Teenager Trayvon Martin was shot dead as he returned home from buying sweets in Florida. But the man who shot him has yet to be arrested, as Washington Correspondent Matt Frei reports.
The shooting of Trayvon Martin, 17, will be investigated by a Florida grand jury as well as the US Department of Justice. It follows global outcry and one of the biggest petitions in history because the gunman, neighbourhood watch captain George Zimmerman, has not yet been arrested.
Representative Sheila Jackson Lee, member of the House Judiciary Committee, told Channel 4 News it has become “clear” that Trayvon’s civil rights were “violated”.
She said: “This young man was simply going home. The Sanford police department has done absolutely nothing.
“It is clear that the civil rights of this youngster have been violated.
“Mr Zimmerman is hiding behind a law of the state of Florida that says you can stand your ground if you’re attacked. The author of that bill said it’s not a bill to pursue and confront.
“So the question is what was Mr Zimmerman afraid of?
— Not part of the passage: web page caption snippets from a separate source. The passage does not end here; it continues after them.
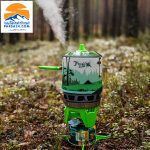 جت بویل فایرمیپل مدل Fire maple Star X3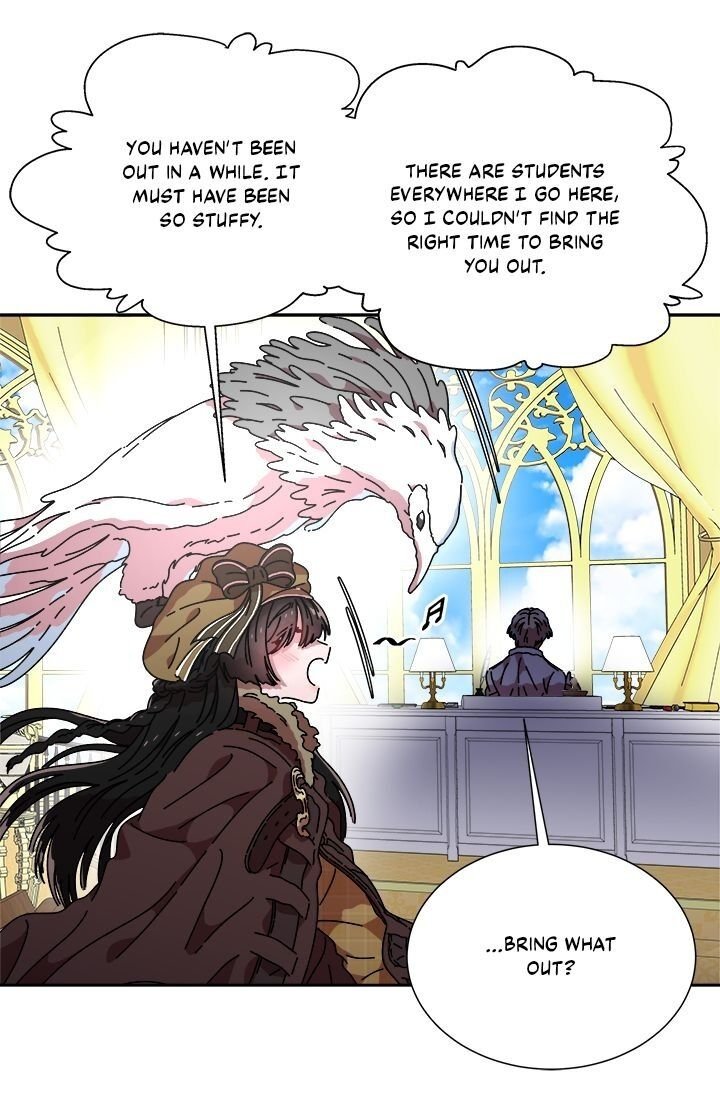 I Was Born As The Demon Lords Daughter 85 68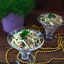 Салат с тунцом и сыром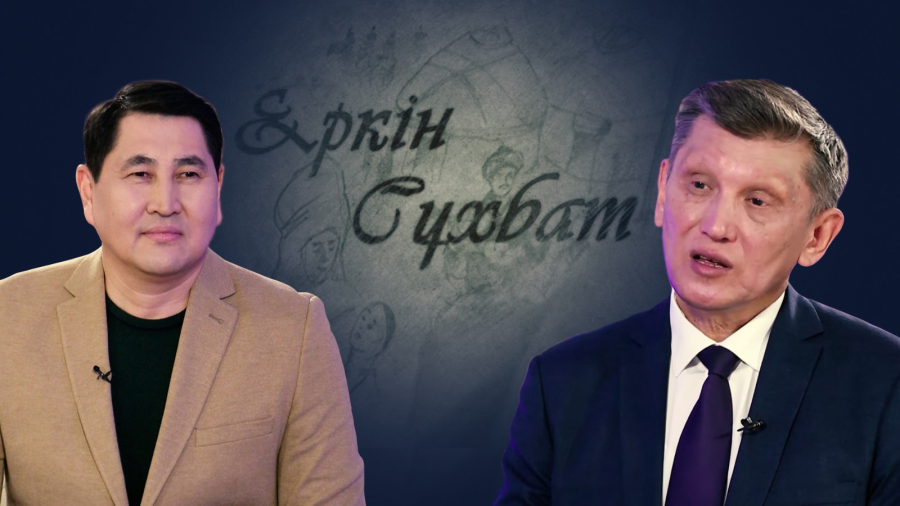 Бүгінгі баспасөздің бәсі қандай? | Блогерлерге мәртебе беріле ме?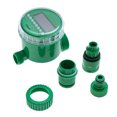 thumbnail image 4 of Garden Watering LCD Display Automatic Electric Digital Irrigation Timer Controller System, 4 of 6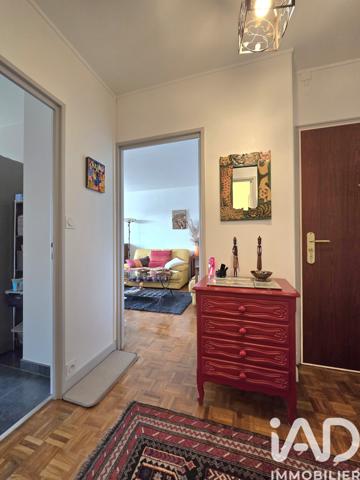 Appartement à vendre 3 pièces 63 m² Dijon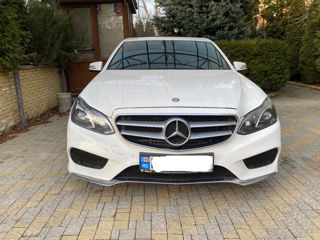 Mercedes E Class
Why did he shoot point-blank at this teenager? Why did he call him an ugly word?
“Was this a hate crime? Did he become a threat because he had dark skin?”
More than 500,000 people, many alerted by tweets from stars such as film director Spike Lee and musician Wyclef Jean, have signed a petition on Change.org, a social action website, calling for Mr Zimmerman to be arrested.
Jonathan Perri, criminal justice senior organiser for Change, told Channel 4 News: “This is the second largest petition [we have] ever hosted.
Wyclef Jean tweeted: "This is real Trayvon Martin was only 17 years old! if we let this slide they will keep killin 17 year olds your kid will be next!"
“It’s the powerful personal story of Trayvon’s parents… that is moving people all over the world to sign in support of this family. Social media platforms like Change.org, Twitter, and Facebook are the conduit for Trayvon’s parents’ story to get out to the world.”
Earlier, Trayvon’s mother Sybrina Fulton told reporters: “I would like to see an arrest. I would like to see this man brought to justice.”
The teenager’s last moments, on 26 February, came to light in phone records which show Trayvon spoke to a female friend shortly before he was shot. Family lawyer Ben Crump said the girl’s testimony shows that Mr Zimmerman targeted the teenager “because he was black”.
The girl told lawyers that Trayvon said he was being followed and that she had encouraged him to run. The teen was returning to watch a basketball game in the gated community in Sanford, after going to buy Skittles sweets and iced-tea.
“She knew details about what went on because he was telling her,” Crump said.
“Trayvon said, ‘Why you following me, man?'” and Zimmerman said, ‘What are you doing here?'” Crump said.
He said the girl could tell by Martin’s voice that he was then pushed. She thinks Martin’s mobile phone headset came off and then the call was disconnected.
Because of changes to Florida state law in 2005, prosecutors may not be able to charge Mr Zimmerman. Under the previous law, deadly force was allowed in self-defence only if they had tried to run away or otherwise avoid the danger.
Under the new law, there is no duty to retreat and it gives a resident of Florida the right “to stand his or her ground and meet force with force, including deadly force,” if he feels threatened.
The Justice Department said its investigation would examine the facts and circumstances of the shooting, and noted that with all federal civil rights crimes, the government must prove beyond a reasonable doubt that a person acted intentionally.
“Negligence, recklessness, mistakes and accidents are not prosecutable under the federal criminal civil rights laws,” the Justice Department said.
Jonathan Peri added: “The investigation could have a number of outcomes including the arrest of George Zimmerman or potentially finding misconduct within the Sanford Police Department for their investigation of the Trayvon’s killing.”
What is a grand jury?
A grand jury is a group of citizens, usually chosen from the same pool as trial jurors, that is sworn in by a court to hear a case. The grand jury is composed of between 12 and 23 people; and in the federal courts, between 16 and 23.